Wednesday, January 27, 2010

Squirrel Hunting


It was late fall 1968 when my father decided I was old enough to go on my first squirrel hunting expedition with him.

I was a spindly thirteen-year-old.  All of 67 pounds and mostly knees and elbows.  The rifle we carried was an old 12-gauge shotgun that had been handed down through the family.  It had a crude hand carved "H" in the worn wooden stock, presumably for Hillenburg.

We drove over to Spine-Cob (an area also known as East Oolitic) and parked the truck at the top of the hill from Grandma's house where the railroad tracks crossed a narrow gravel road.  There was an old wooden sign that read "Murdock", but no one seemed to know what it meant.  I imagined it was the name of a long since abandoned railroad stop.

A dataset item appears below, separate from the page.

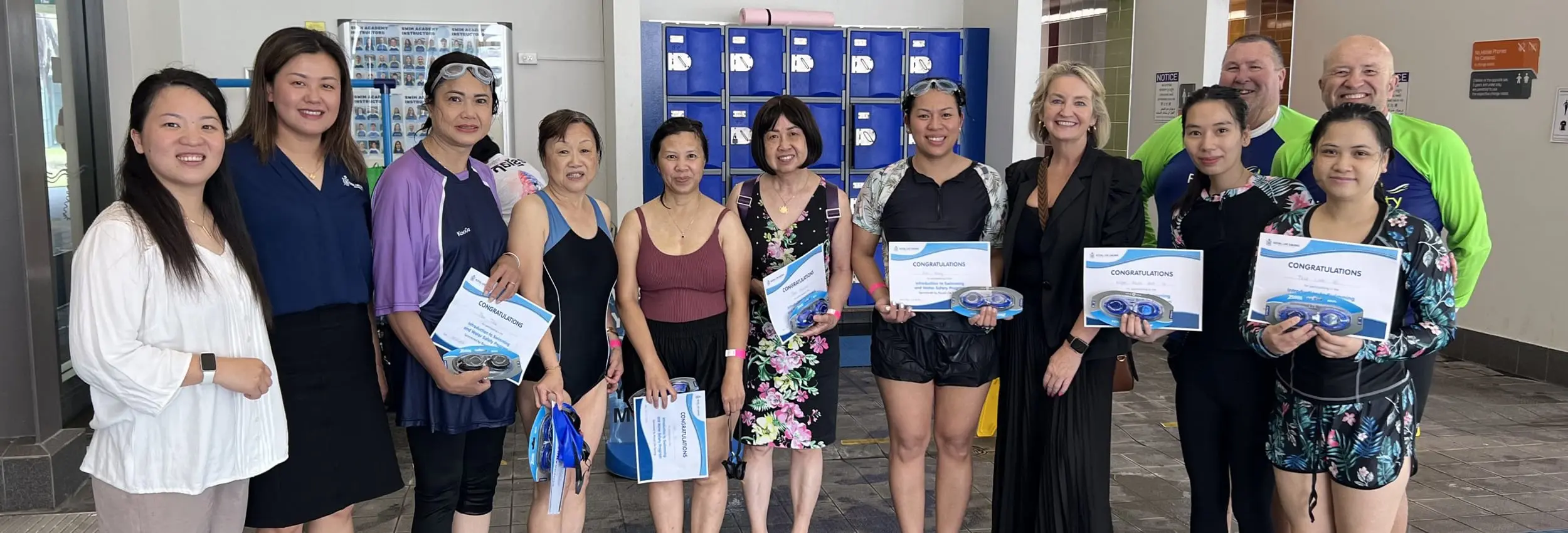Participants and organisers pose at a leisure centre, holding certificates from the Learn to Swim program for CALD communities at Cabravale Club Resort.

We took a right and walked down the tracks and around a bend.  It was here my Grandfather and his friends threw coal from the trains they had jumped earlier so their families would have coal to heat their homes during the Depression.  The spot still shimmered with fine black flakes of coal dust.

Just beyond the bend was a stretch where the barbed wire fence had a broken strand.  Tapping his pipe out, Dad carefully pulled the remaining strands apart so I could squeeze through.  Then he handed the rifle over to me and jumped the fence with ease. 

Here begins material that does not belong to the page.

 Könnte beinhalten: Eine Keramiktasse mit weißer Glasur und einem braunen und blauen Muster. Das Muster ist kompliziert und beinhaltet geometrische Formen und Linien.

Once we crossed the small meadow leading over to the hickory grove we surveyed the area.  Nut "cuttings" littered the ground.  This was a good sign.

We situated ourselves in front of a huge tree where we could both sit comfortably with our backs against it with a full view of the rest of the grove.  There we sat silently waiting for a squirrel to appear.

It wasn't before long the motion of the leaves mesmerized me.  Dreamily hypnotized, my mind began to wander.

Suddenly, I felt my father jerk in excitement.  He slowly stretched out his arm and pointed toward the middle of a particularly bushy tree directly in front of us.  I leaned my head against his shoulder and looked up his arm but, try as I might, I couldn't locate the squirrel among all the movement of the leaves.

Sensing his impatience, I finally told him I had seen the squirrel even though I had no clue where it was.

To my surprise, he handed me the rifle!  It took all my strength to lift the gun in the general direction he had originally pointed.  The longer I held it there, hoping the squirrel would move so I could see it, the more the gun began to waver.   My father slid his finger under the barrel to steady it.

"Do you have him in you sights?" he whispered.

"Yep," I responded, still anxiously searching the tree.

"Now, don't pull the trigger...squeeze it gently."  His finger still was supporting the barrel.

The moment of truth had arrived.  Do I stop and tell him I don't see it and risk aggravating him or go ahead and shoot knowing that since it was my first time a miss would almost be expected?

I closed my left eye tightly and squeezed . . . KAPOW!

The rifle kicked against my shoulder, sailed completely over my head, and landed behind me.  I fell flat on my back from the impact.

My father kept his eye on the tree and watched as the unsuspecting squirrel hit the ground with a thud!

Incredible!  A perfect shot. 
No buckshot in the body.  It was dead instantly he said.  "Couldn't have done it better myself," he beamed.

It wasn't until my graduation from college, upon which my father presented me with my very own Marlin semi-automatic .22 caliber rifle as a graduation gift, that I finally told him the truth about that day.